Editor's note: News about conservation and the environment is made every day, but some of it can fly under the radar. In a recurring feature, Conservation News shares three stories from the past week that you should know about.
New marine reserves signal growing political will to protect 30 percent of oceans.
The story: In a bid to protect some of Earth’s most unique species — and combat climate change — Colombia, Costa Rica, Ecuador and Panama pledged to expand and join their Pacific marine reserves to create an interconnected “safe swimway” that will be off-limits to industrial fishing fleets, Dan Collyns reported for The Guardian. Spanning more than 500,000 square kilometers (200,000 square miles), this Eastern Tropical Pacific Marine Corridor is a pocket of rich biodiversity and provides migratory routes for threatened species like leatherback turtles and hammerhead sharks.
Announced at the UN climate summit last week, the corridor supports global efforts to protect 30 percent of the world’s land and seas by 2030 — which scientists say is necessary to avoid severe climate impacts on our oceans and reduce threats to marine ecosystems.
The big picture: “We need coordinated initiatives like this one to protect the world’s oceans; it’s not enough for countries to implement piecemeal efforts,” Luis Suárez, vice president of Conservation International – Ecuador, told Conservation News. “Whales, manta rays, marine turtles and other migratory species do not live within prescribed boundaries. And climate change knows no national borders. Countries must rethink conservation policy — they must work together to make an impact.”
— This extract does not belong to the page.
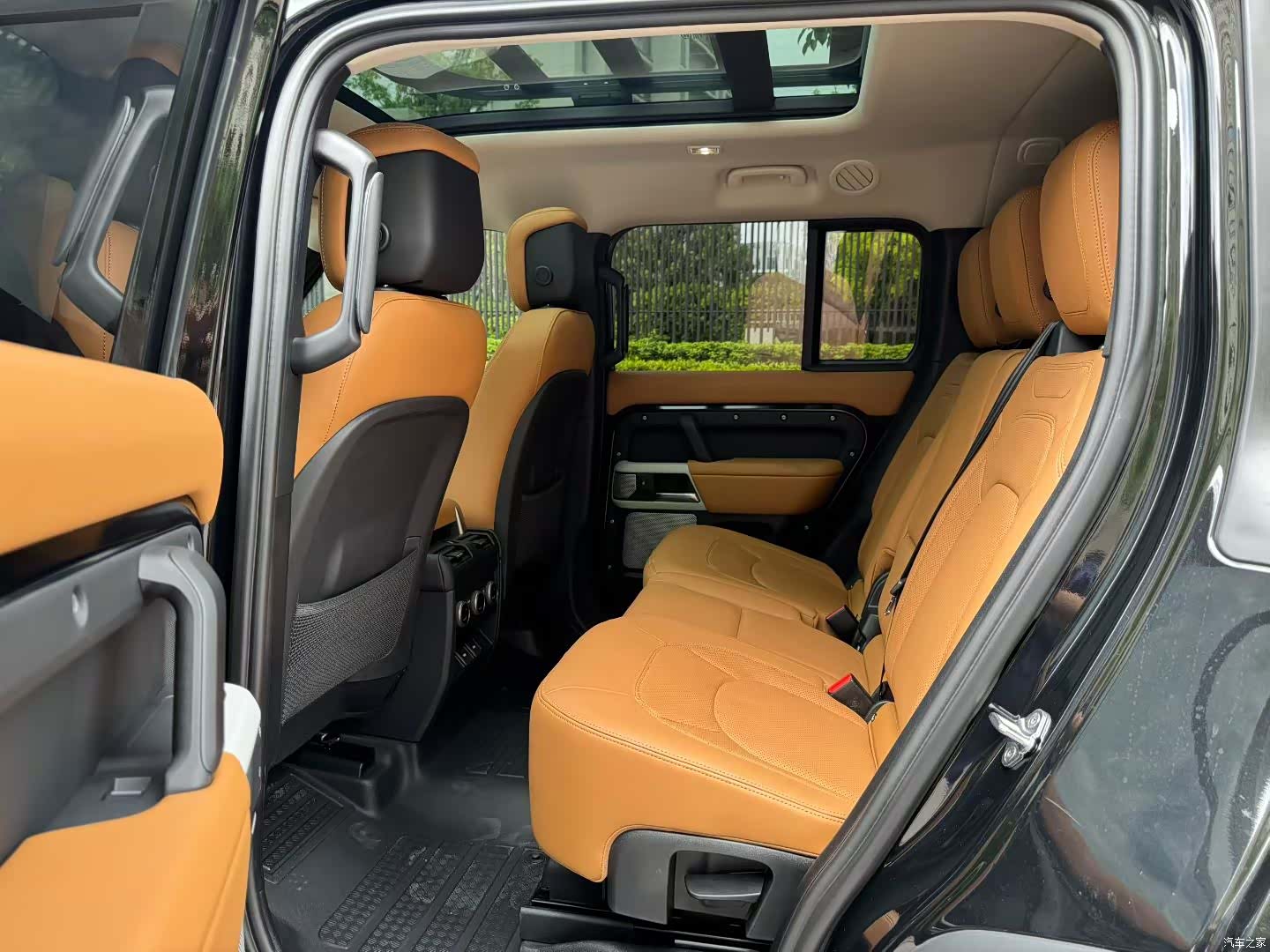 Land Rover Defender, 2024 10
As part of its “Eastern Tropical Pacific Seascape” program, Conservation International has worked in this region since 2004 to restore coastal areas, promote sustainable fishing practices and coordinate cooperation among governments.
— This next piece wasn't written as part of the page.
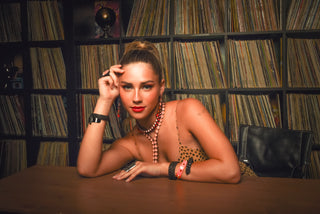 LA LA LOVE Cuff in Gunmetal / Jet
So what's next? “It will be an enormous challenge to monitor an area the size of this new marine corridor. For it to work, it must be effectively managed and enforced,” Suárez added. “That requires a shared long-term vision, strong coordination, sustainable financing mechanisms, surveillance strategies, and ecological and socioeconomic research.”
Read more here.
Overwhelmed with despair about the climate crisis? Ask your doctor about eco-grief ….
The story: If the latest news about climate change triggers racing thoughts or makes you want to crawl back into bed, you’re not alone. A recent study found that Americans’ worry about global warming is at an all-time high — and therapists are increasingly seeking new ways to ease climate anxiety.
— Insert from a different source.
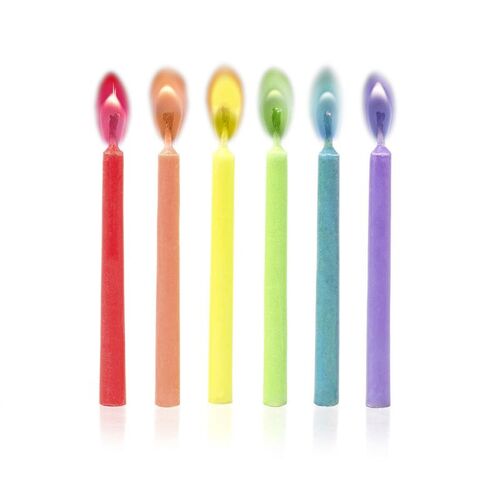 Κεράκια με χρωματιστή φλόγα σετ 12 τεμ | Αστεία Δώρα στο Gadget Box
Mental health professionals are used to treating people who have survived life-altering weather events, often diagnosing them with post-traumatic stress disorder, or PTSD.
Therapists treating climate anxiety now use the term “pre-TSD” to signal a patient’s anticipation of suffering. There is still limited professional guidance for therapists on how to address climate woes, but being climate-aware “is a chance for mental-health professionals to avoid dropping the ball on the most existential calamity in human history, to normalize and validate people’s feelings as they awaken to the severity of the changes taking place,” writes Bridget Read for The Cut.
The big picture: While climate concern can feel immobilizing, it can also fuel action. In Australia, a recent climate and mental health study found that “experiencing eco-anger predicted better mental health outcomes, as well as greater engagement in pro-climate activism and personal behaviors. Eco-anxiety and eco-depression were less adaptive, relating to lower wellbeing.”
Kritee Kanko, a climate scientist and Zen Buddhist priest, calls processing climate grief “composting. This can be “fertilizer for action,” when done right, Read writes.
Unveiled at the UN climate summit, commitments aim to reduce methane from energy, agriculture and landfills.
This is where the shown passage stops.